End of the Web, Era of the App?
When the mobile
revolution happened, it was cited as an example of how places like India and
Africa bypassed landlines and went directly to cellphones. Then came the
smartphone and it, says Steven
Sinofsky, has continued the trend of helping poorer countries leapfrog to
the next level:
“Smartphones skipped over the PC. Mobile
banking skipped over plastic cards and banks.”
People like us
(who have both PC’s and smartphones) would assume that Sinfosky’s point about
smartphones skipping the PC in many countries doesn’t apply to India. Think
again.
Smartphones
drive so much business, and conversely PC’s drive so little of it, that
Flipkart has decided to shut down their website within a year. In other words,
all their business would be via the smartphone (and tablet) app alone! Michael
Adnani, Flipkart’s VP of retail, gives
the numbers:
“A year ago, 6% of our traffic was coming
from mobile. In less than 18 months, that traffic is 10-fold.”
10-fold
increase! That’s 60%! Wow!
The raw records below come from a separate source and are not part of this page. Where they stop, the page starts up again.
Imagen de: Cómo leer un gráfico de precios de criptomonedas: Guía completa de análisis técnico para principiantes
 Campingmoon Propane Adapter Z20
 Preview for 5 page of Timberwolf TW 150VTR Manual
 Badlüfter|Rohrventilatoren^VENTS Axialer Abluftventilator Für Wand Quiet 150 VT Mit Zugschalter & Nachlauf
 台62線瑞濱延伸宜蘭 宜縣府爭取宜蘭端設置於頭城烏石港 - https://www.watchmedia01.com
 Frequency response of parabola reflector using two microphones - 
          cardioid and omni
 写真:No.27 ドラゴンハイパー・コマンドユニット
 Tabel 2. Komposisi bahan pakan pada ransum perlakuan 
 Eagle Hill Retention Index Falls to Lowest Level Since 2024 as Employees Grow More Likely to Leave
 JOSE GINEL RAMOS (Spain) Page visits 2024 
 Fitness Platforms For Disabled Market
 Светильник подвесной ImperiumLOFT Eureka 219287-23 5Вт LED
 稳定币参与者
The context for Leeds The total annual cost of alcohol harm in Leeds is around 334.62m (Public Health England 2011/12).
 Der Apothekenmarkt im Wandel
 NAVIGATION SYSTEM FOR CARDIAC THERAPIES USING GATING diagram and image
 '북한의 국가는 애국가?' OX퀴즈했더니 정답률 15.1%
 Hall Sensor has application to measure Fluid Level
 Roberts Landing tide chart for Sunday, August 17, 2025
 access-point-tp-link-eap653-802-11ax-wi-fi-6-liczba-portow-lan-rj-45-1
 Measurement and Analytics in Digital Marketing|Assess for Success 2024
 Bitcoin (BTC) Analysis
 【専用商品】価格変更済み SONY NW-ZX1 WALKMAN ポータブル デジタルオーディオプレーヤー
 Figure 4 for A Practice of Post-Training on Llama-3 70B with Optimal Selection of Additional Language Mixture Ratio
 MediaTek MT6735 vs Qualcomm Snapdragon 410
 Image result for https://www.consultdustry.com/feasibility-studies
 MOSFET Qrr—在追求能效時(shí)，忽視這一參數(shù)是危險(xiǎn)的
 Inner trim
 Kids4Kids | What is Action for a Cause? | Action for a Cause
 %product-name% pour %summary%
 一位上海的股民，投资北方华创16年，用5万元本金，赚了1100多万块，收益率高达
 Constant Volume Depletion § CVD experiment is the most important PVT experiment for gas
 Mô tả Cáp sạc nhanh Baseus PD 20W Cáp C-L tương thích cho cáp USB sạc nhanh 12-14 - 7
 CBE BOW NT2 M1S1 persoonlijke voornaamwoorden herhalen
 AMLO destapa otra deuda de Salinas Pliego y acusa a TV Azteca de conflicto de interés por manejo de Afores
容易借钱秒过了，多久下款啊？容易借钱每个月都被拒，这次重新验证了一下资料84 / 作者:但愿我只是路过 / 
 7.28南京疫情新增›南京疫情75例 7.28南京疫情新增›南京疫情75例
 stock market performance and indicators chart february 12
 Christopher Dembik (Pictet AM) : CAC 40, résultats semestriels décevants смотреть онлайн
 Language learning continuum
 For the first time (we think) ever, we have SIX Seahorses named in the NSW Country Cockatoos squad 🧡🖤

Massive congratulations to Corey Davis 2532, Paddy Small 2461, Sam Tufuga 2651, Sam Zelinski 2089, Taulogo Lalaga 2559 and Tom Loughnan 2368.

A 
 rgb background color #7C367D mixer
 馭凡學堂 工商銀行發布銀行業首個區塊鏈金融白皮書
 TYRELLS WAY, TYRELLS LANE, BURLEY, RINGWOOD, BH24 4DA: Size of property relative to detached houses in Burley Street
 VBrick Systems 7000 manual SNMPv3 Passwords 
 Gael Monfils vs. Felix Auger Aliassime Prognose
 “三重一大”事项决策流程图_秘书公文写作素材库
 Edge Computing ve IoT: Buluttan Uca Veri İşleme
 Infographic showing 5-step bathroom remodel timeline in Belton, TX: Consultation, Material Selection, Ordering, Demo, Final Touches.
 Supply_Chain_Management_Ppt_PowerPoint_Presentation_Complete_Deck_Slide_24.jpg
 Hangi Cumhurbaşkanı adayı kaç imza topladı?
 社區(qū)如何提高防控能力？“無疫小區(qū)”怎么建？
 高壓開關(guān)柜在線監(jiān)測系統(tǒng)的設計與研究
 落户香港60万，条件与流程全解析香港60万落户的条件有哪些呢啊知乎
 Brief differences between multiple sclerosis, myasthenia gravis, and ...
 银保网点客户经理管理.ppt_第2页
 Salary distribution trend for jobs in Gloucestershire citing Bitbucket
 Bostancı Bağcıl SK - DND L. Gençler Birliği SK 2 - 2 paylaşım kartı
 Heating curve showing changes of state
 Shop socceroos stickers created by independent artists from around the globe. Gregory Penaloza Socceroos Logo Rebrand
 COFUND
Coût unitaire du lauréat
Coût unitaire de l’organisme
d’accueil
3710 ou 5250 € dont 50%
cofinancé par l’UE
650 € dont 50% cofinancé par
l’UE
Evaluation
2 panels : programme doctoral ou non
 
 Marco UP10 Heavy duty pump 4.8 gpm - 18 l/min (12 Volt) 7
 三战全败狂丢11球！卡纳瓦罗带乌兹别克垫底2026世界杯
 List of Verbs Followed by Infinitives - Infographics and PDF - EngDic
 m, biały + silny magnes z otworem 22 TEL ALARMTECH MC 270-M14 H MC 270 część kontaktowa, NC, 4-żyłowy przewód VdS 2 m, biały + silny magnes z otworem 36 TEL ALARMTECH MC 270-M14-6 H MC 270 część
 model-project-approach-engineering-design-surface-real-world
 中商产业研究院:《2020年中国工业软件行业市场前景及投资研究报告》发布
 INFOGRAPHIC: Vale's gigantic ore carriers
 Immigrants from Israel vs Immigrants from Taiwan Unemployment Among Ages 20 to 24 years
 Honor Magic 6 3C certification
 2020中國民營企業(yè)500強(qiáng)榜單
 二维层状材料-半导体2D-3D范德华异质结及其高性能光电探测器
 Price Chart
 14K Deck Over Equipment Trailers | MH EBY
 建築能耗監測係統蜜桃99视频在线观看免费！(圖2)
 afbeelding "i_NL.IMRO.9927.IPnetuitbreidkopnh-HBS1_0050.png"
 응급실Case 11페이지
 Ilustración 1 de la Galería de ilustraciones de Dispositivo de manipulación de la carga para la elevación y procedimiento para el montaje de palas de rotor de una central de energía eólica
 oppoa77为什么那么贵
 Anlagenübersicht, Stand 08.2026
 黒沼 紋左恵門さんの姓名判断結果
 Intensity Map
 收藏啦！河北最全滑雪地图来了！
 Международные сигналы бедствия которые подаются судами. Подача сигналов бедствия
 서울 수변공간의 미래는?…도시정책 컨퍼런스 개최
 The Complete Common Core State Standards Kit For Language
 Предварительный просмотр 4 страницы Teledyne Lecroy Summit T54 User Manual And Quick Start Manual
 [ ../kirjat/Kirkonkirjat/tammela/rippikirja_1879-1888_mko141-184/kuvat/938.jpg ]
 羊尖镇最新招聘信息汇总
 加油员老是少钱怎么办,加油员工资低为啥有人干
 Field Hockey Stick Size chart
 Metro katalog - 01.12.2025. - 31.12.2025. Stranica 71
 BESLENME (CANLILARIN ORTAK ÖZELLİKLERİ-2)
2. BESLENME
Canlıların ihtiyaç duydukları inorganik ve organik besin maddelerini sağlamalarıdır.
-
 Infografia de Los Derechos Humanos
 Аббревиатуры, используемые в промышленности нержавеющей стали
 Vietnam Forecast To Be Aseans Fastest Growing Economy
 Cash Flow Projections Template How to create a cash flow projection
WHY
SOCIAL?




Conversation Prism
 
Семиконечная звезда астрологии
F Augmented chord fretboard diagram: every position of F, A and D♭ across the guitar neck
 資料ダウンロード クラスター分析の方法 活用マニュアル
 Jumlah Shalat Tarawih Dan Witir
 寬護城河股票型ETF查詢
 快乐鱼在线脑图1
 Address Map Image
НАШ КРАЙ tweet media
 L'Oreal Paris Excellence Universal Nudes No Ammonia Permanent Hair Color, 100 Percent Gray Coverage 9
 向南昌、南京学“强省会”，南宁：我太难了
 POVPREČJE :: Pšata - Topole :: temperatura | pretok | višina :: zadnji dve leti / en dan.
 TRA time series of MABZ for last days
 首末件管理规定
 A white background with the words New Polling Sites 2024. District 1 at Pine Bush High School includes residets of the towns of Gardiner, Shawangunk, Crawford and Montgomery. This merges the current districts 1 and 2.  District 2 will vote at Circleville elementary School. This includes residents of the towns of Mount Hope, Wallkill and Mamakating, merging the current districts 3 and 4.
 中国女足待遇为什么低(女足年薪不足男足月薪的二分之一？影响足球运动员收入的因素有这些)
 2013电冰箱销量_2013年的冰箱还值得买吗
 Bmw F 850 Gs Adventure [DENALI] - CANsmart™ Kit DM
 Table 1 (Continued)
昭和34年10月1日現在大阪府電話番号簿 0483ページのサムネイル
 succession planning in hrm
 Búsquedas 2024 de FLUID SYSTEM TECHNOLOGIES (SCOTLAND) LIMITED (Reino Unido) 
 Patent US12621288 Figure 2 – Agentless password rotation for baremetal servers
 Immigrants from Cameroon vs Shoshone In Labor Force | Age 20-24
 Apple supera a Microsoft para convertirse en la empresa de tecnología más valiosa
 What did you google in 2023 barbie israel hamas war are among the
Another reason behind Flipkart’s decision is where
they ship the most: smaller towns:
“Of Flipkart’s 8 million monthly
shipments, about two-thirds come from users in small towns and cities, where
consumers likely have limited access to desktop computers and broadband
Internet.”
And if Internet
speeds are low in those places, then a smartphone
app actually has some advantages:
“An app allows a user to stay logged in
while updates and other information are efficiently and constantly downloaded,
ready for consumption almost instantly. It is, in fact, perfect for
low-bandwidth situations.”
So does this
mean the end of the Web? Are we now in the era of the app? Eugene Wei puts it perfectly when he
wrote:
“Many people in India, China, and other
parts of the world, where bandwidth is low and slow, and where mobile phones
are their one and only computer, have no room for such sentimentality. They may
never have experienced the same heyday of the web, so they feel no analogous
nostalgia for it as a medium.”
And so, ends
Wei:
“In the U.S., many tech companies were
lauded as pioneers for going mobile
first when in Asia companies are already going mobile only. In some ways, Asia feels like it lives in the past as
compared to the U.S., especially when one sees so many fast followers of
successful U.S. technology companies, but in a surprisingly large number of
ways, Asia lives in our near future.”